The tiny craft climbed giant waves and then plunged into troughs again and again, soaking the crew in freezing water. “The sub-Antarctic Ocean lived up to its evil reputation,” Shackleton later wrote. One night, a 60-foot tidal wave roared into the boat, practically sinking it.
“We baled with the energy of men fighting for life,” wrote Shackleton. Somehow, the tiny craft survived. For 14 days, the men fought the sea and, after food and water ran out, their thirst and hunger. Finally, they sighted the island.
Two days later, Shackleton steered the tiny craft up onto the beach of South Georgia. But their ordeal wasn’t over. After drinking fresh water and feasting on tiny chicks nesting nearby, Shackleton and the men began an incredible trek through icy mountainous terrain to reach an isolated whaling post on the other side of the island.

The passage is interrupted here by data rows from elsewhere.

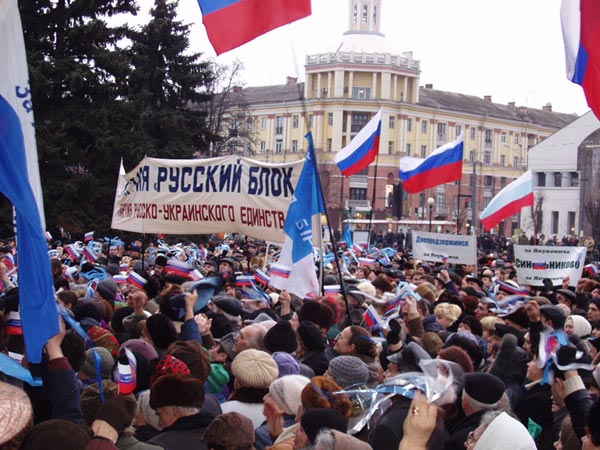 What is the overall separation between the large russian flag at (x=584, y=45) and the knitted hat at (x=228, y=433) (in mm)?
3356

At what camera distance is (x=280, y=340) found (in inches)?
241

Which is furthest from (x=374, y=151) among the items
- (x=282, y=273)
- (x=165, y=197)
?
(x=282, y=273)

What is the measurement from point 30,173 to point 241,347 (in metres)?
2.06

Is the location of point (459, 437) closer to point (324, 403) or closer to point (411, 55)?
point (324, 403)

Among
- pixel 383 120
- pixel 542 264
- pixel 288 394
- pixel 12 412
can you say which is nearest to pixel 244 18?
pixel 288 394

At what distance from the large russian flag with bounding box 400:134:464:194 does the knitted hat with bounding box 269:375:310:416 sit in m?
13.6

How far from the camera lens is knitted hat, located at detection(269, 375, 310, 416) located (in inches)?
183

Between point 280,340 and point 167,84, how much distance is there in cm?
2722

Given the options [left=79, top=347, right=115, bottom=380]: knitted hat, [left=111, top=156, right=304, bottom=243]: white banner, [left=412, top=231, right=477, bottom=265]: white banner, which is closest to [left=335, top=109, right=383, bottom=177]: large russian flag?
[left=412, top=231, right=477, bottom=265]: white banner

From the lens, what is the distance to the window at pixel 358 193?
95500 millimetres

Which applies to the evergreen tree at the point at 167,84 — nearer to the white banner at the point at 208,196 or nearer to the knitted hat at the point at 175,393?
the white banner at the point at 208,196

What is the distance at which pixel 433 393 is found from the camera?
4.04 m

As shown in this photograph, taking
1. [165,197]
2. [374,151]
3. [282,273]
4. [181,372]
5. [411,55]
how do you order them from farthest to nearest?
[411,55] → [374,151] → [165,197] → [282,273] → [181,372]

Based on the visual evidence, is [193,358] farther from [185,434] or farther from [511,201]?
[511,201] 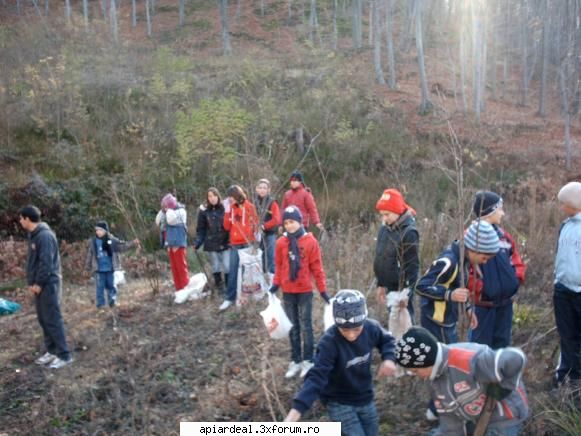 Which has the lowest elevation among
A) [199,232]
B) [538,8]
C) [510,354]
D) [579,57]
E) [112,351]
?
[112,351]

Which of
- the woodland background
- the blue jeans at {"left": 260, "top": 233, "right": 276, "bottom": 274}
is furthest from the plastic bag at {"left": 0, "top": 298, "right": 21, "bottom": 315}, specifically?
the blue jeans at {"left": 260, "top": 233, "right": 276, "bottom": 274}

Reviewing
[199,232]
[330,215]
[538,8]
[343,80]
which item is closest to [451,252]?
[199,232]

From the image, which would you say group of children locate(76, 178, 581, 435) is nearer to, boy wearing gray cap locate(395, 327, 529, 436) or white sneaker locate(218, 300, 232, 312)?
boy wearing gray cap locate(395, 327, 529, 436)

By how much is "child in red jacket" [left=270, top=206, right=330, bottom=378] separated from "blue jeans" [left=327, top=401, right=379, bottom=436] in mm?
1769

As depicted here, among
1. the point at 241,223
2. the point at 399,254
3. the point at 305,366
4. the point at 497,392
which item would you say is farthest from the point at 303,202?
the point at 497,392

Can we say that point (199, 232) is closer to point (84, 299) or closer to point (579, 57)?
point (84, 299)

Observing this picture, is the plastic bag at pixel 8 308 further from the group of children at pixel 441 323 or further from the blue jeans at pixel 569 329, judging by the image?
the blue jeans at pixel 569 329

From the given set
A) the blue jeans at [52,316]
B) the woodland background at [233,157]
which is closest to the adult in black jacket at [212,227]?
the woodland background at [233,157]

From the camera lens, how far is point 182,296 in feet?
27.7

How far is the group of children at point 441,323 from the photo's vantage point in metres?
3.04

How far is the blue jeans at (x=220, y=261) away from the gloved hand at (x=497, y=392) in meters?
5.86

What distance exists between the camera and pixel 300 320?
5637mm

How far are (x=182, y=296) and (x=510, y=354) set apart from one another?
621cm

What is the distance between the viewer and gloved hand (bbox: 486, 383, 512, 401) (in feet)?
9.55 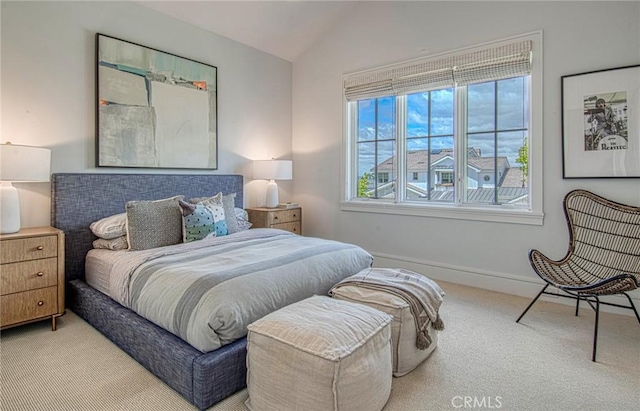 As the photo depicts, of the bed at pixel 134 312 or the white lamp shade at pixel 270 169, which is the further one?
the white lamp shade at pixel 270 169

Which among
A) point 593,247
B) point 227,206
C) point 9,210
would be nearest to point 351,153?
point 227,206

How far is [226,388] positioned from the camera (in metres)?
1.78

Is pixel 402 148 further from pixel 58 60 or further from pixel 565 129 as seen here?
pixel 58 60

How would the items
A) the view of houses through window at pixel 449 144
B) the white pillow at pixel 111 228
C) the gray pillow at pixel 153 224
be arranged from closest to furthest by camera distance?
the gray pillow at pixel 153 224 → the white pillow at pixel 111 228 → the view of houses through window at pixel 449 144

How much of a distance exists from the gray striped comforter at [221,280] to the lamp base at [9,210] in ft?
2.49

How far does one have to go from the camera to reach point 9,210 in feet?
8.20

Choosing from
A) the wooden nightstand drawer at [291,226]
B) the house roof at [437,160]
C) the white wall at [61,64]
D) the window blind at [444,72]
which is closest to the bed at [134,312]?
the white wall at [61,64]

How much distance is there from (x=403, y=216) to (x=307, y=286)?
85.0 inches

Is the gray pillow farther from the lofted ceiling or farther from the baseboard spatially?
the baseboard

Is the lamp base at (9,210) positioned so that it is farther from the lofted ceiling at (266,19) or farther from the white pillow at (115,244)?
the lofted ceiling at (266,19)

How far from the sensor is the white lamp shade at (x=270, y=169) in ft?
14.2

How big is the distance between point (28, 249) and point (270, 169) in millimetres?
2441

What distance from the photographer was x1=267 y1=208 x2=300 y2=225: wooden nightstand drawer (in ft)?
14.0

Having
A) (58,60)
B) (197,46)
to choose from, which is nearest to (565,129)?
(197,46) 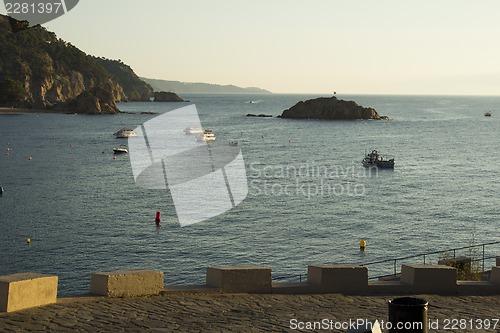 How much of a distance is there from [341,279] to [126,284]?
14.7ft

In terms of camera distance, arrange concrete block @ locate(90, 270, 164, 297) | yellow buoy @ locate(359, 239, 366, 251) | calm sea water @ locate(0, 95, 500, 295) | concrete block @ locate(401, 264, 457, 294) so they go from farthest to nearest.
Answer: yellow buoy @ locate(359, 239, 366, 251), calm sea water @ locate(0, 95, 500, 295), concrete block @ locate(401, 264, 457, 294), concrete block @ locate(90, 270, 164, 297)

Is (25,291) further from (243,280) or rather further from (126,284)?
(243,280)

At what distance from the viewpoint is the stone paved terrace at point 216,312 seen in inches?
531

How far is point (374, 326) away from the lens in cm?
814

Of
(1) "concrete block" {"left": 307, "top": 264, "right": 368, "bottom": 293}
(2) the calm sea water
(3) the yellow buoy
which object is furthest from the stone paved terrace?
(3) the yellow buoy

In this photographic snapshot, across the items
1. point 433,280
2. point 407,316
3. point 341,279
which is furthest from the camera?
point 433,280

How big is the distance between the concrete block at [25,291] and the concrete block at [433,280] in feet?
24.5

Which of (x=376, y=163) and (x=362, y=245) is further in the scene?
(x=376, y=163)

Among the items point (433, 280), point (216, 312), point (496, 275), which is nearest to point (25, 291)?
point (216, 312)

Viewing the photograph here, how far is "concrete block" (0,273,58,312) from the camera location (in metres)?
14.2

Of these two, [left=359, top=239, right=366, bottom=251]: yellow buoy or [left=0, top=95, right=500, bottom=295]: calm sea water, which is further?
[left=359, top=239, right=366, bottom=251]: yellow buoy

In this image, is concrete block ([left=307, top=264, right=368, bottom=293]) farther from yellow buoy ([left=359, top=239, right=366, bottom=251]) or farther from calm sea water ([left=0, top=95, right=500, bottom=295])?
yellow buoy ([left=359, top=239, right=366, bottom=251])

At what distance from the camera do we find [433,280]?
17.0 metres

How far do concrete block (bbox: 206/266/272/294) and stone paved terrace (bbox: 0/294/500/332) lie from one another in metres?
0.25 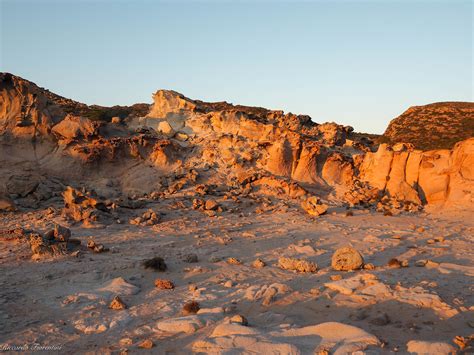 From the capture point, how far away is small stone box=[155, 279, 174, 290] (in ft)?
25.8

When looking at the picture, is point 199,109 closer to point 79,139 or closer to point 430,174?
point 79,139

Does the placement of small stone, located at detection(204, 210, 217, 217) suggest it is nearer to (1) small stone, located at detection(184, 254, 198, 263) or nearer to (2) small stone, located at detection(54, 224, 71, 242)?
(1) small stone, located at detection(184, 254, 198, 263)

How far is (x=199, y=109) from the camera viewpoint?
2353 cm

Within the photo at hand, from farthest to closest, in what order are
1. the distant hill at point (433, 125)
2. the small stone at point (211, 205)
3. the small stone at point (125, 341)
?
the distant hill at point (433, 125) → the small stone at point (211, 205) → the small stone at point (125, 341)

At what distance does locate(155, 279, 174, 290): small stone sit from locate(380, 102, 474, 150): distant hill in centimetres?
3403

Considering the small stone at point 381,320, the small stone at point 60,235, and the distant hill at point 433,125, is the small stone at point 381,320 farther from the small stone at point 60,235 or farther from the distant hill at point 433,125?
the distant hill at point 433,125

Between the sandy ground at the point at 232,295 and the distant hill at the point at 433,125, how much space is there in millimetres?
29633

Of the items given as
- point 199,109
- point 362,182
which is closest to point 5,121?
point 199,109

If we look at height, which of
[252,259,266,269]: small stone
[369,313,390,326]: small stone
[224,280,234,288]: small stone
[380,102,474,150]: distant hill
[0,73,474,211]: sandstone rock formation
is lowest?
[224,280,234,288]: small stone

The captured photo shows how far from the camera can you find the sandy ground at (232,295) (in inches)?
225

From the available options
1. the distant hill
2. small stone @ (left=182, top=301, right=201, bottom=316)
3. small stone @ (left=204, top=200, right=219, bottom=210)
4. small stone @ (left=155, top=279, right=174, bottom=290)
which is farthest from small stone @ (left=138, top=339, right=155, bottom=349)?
the distant hill

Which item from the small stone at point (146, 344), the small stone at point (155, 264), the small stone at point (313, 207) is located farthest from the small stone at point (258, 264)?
the small stone at point (313, 207)

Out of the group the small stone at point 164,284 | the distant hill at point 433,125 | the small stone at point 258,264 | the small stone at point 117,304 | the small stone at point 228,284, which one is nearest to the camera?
the small stone at point 117,304

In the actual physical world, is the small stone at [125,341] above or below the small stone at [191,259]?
below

It took them 36 hours. The whalers were astounded when the bedraggled men stumbled into town. Shackleton had been missing for two years and all had assumed he was dead. After briefly enjoying the whalers’ admiration, Shackleton arranged to pick up his remaining men, first, those left on the other side of South Georgia, then those on Antarctica.
At the end of August, Shackleton sighted the party and asked if any had died. None, came the reply. Shackleton was indeed one of the most successful failures in exploration history.
He wrote to his wife, “Not a life lost and we have been through Hell. . . . Give my love and kisses to the children. Your tired `Mickey.